Alfred et Augustine, Justes parmi les Nations – Douarnenez
Publié le 04/07/2013
Le dimanche 7 juillet, Alfred et Augustine Le Guellec recevront, à titre posthume, la médaille de Justes parmi les Nations décernée par l’institut Yad Vashem de Jérusalem.
C’est leur nièce, Aline billon, qui les représentera pour recevoir, entourée des nombreux autres neveux et petits-neveux, cette distinction remise par le représentant de l’ambassade d’Israël en France, Michel Lugassy-Harel. Une reconnaissance demandée par Régine Studnik, sauvée par le couple Le Guellec, avec sa fille Dora et son mari Marcel, le 16 juillet 1942, jour de la terrible rafle du Vel’d’hiv. Aujourd’hui âgée de 95 ans, Régine Studnik, accompagnée de sa fille Dora, sera présente à la cérémonie. Une plaque sera également dévoilée, à 14 h 30, place Saint-Jean (près de la stèle Max Jacob), en hommage aux Justes parmi les Nations de Douarnenez.

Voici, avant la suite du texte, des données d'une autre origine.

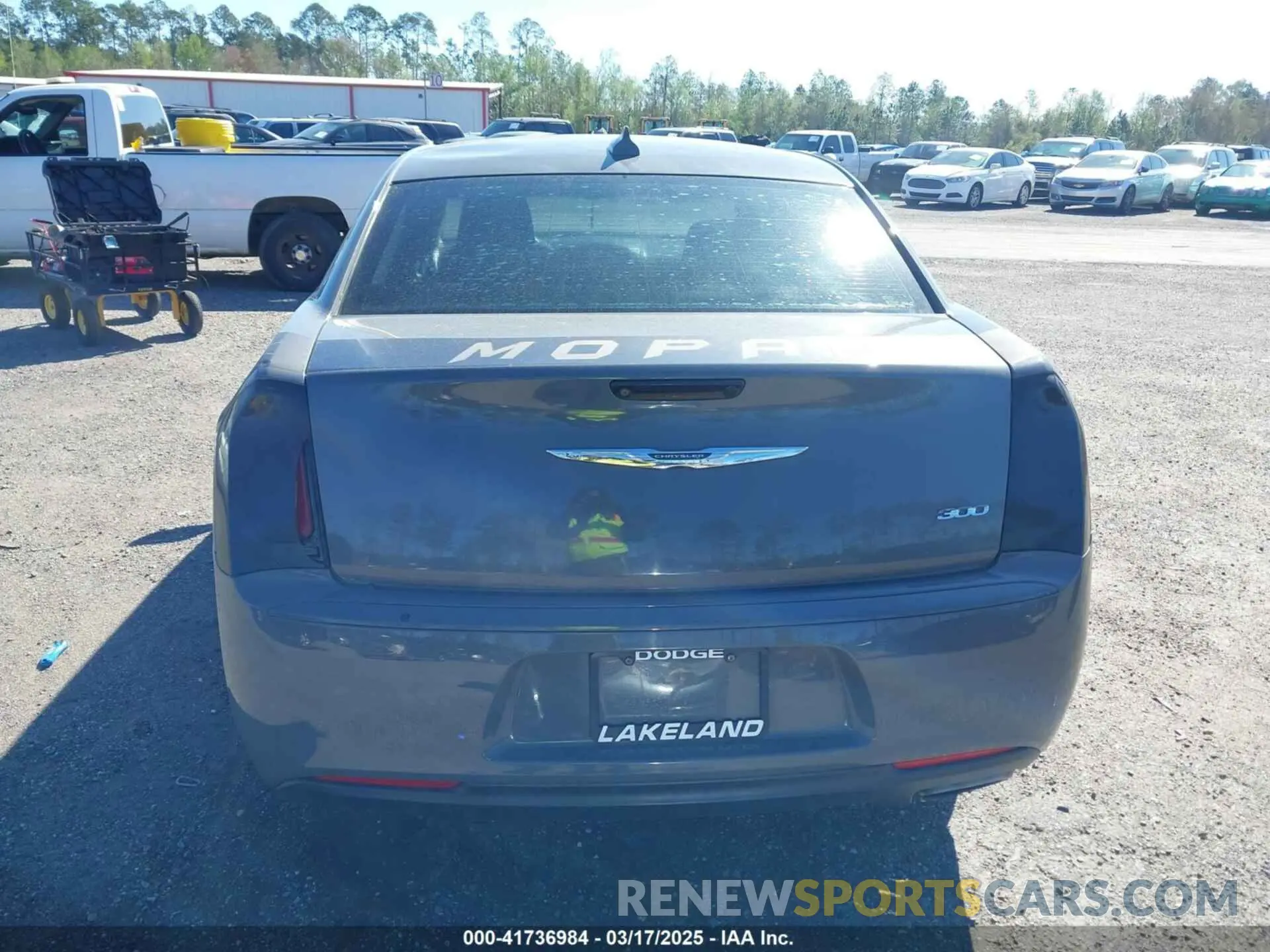 16 Photograph of a damaged car 2C3CCAAG3KH671588 CHRYSLER 300 2019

Le nom d’Yves Criou y figurera aux côtés de celui d’Alfred et Augustine Le Guellec.
De Pouldavid à Paris
Issu d’une famille d’artisans de Pouldavid, le jeune Alfred effectue ses études à Saint-Blaise et au petit séminaire de Pont-Croix. Élève brillant, titulaire d’un premier prix de philosophie, il obtient son baccalauréat en 1911. Il poursuit ses études de droit à Paris et entre au Ministère de la guerre. Engagé volontaire dans la guerre 1914-1918, il est gravement blessé à la bataille de Dixmud. En 1920 il entre à la Préfecture de Police de Paris où il gravira les échelons de l’administration jusqu’à occuper un poste clef au service des étrangers.
Copains de régiment
De par ses fonctions au sein d’un service qui suit les dossiers des étrangers, au premier rang desquels les juifs apatrides (déchus de la nationalité française), Alfed et Augustine Le Guellec vont aider des familles juives à s’enfuir, à se cacher. « Un jour, ils se sont retrouvés à 23 dans son petit appartement » se souvient sa nièce par alliance, Jeanne Guellec, 89 ans, ancienne commerçante, qui réside à Douarnenez. Mais quel lien entre le fonctionnaire d’origine bretonne, catholique, et le couple Studinik qui milite chez les FTP-Moi, proche du réseau Manouchian. En apparence deux mondes bien éloignés. En fait Marcel et Alfred s’étaient connus au régiment. Déjà en 1941, Alfred avait fait jouer ses relations pour libérer son ami d’origine polonaise du camp de Beaune-la-Rolande.
À l’aide d’une corde
Le 15 juillet 1942, Informé qu’une arrestation de grande ampleur de juifs se prépare pour le lendemain, il avertit tous les porteurs de l’étoile jaune qu’il rencontre et se précipite chez son ami Marcel qui est immédiatement caché par son réseau militant. Le lendemain, c’est la grande rafle du Vel d’Hiv qui verra l’arrestation de 13 152 personnes, dont pour la première fois les femmes et les enfants. Régine Studnik parvient à s’enfuir de son appartement en glissant le long d’une corde (qui sert à monter les charges), et se réfugie dans le café voisin où la serveuse lui prête sa blouse. Elle a laissé sa fille Dora dans l’appartement et c’est Augustine Le Guellec, qui ira la chercher en pleine rafle, pour ensuite cacher le couple d’amis dans une chambre de bonne.
Tante Augustine
Alfred et Augustine n’ont pas eu d’enfants. Alfred est décédé à l’âge de 58 ans tandis qu’Augustine a vécu jusqu’en 1977. Elle venait régulièrement en vacances à Douarnenez, se souvient sa nièce, Andrée Guellec, professeur d’histoire agrégée aujourd’hui en retraite : « elle n’en parlait jamais, pour elle c’était normal, ils avaient fait ce qu’ils avaient à faire ». Un sens du devoir qui n’appelait aucune récompense. Un autre Juste parmi les Nations, aux origines familiales Douarnenistes, Roger Belbeoc’h, n’a t-il pas écrit en un livre paru en 2006 aux éditions Robert Laffont Je n’ai fait que mon devoir, 1940-1944.